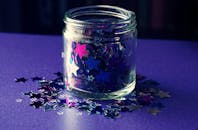 这个装满五颜六色星形五彩纸屑的紫色玻璃罐，非常适合用于工艺品和装饰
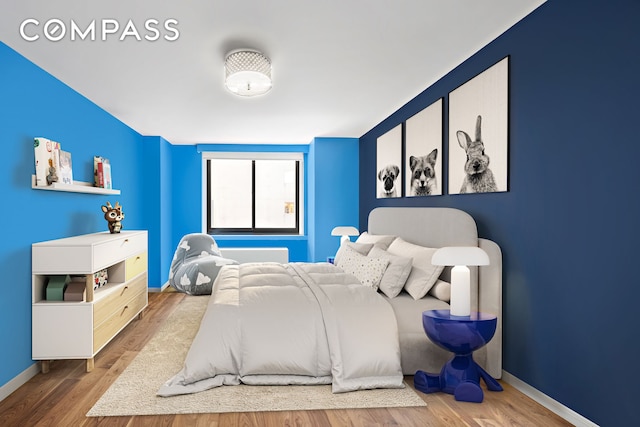 515 E 72nd St Unit 3Klmn, New York City, NY 10021 - bedroom with baseboards and wood finished floors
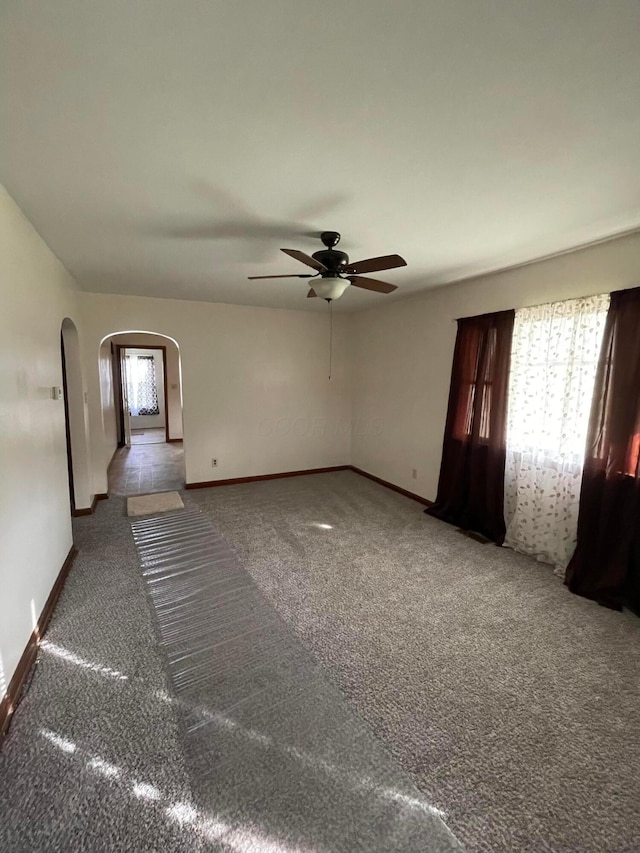 carpeted empty room with a wealth of natural light and ceiling fan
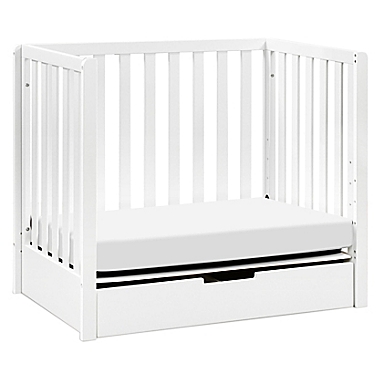 carter&#39;s&reg; by DaVinci&reg; Colby 4-in-1 Convertible Mini Crib with Trundle in White. View a larger version of this product image.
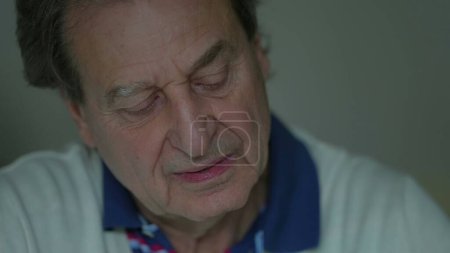 Photo for Senior elderly man close-up face listening to person off-camera, older person nodding yes in affirmation, pays attention to conversation - Royalty Free Image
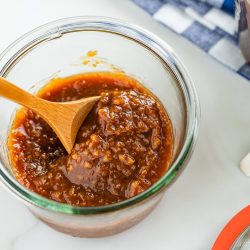 A glass jar filled with chunky brown All Purpose Miso Sauce, stirred with a wooden spoon, sits on a white surface next to a blue-striped cloth and a red-lidded jar.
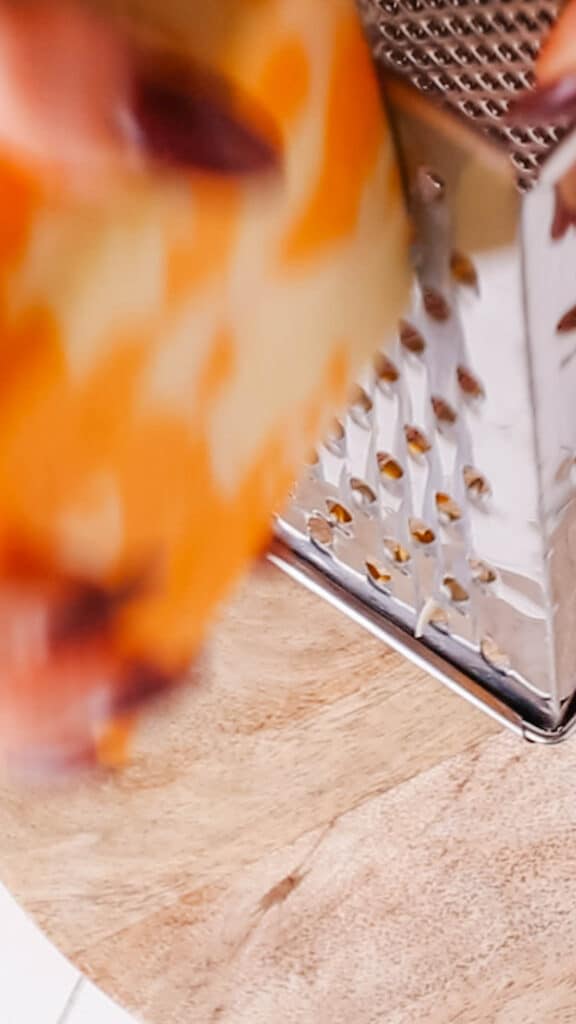 grating cheese for baked mac and cheese.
####
• **About this exercise**: Return only what lies between the line containing "515 E 72nd St" and the last line of the listing, those two lines included, exactly as written and with no pictures.

• **Response**:
 515 E 72nd St Unit 3Klmn, New York City, NY 10021 - bedroom with baseboards and wood finished floors
 carpeted empty room with a wealth of natural light and ceiling fan
 carter&#39;s&reg; by DaVinci&reg; Colby 4-in-1 Convertible Mini Crib with Trundle in White. View a larger version of this product image.
 Photo for Senior elderly man close-up face listening to person off-camera, older person nodding yes in affirmation, pays attention to conversation - Royalty Free Image
 A glass jar filled with chunky brown All Purpose Miso Sauce, stirred with a wooden spoon, sits on a white surface next to a blue-striped cloth and a red-lidded jar.
 grating cheese for baked mac and cheese.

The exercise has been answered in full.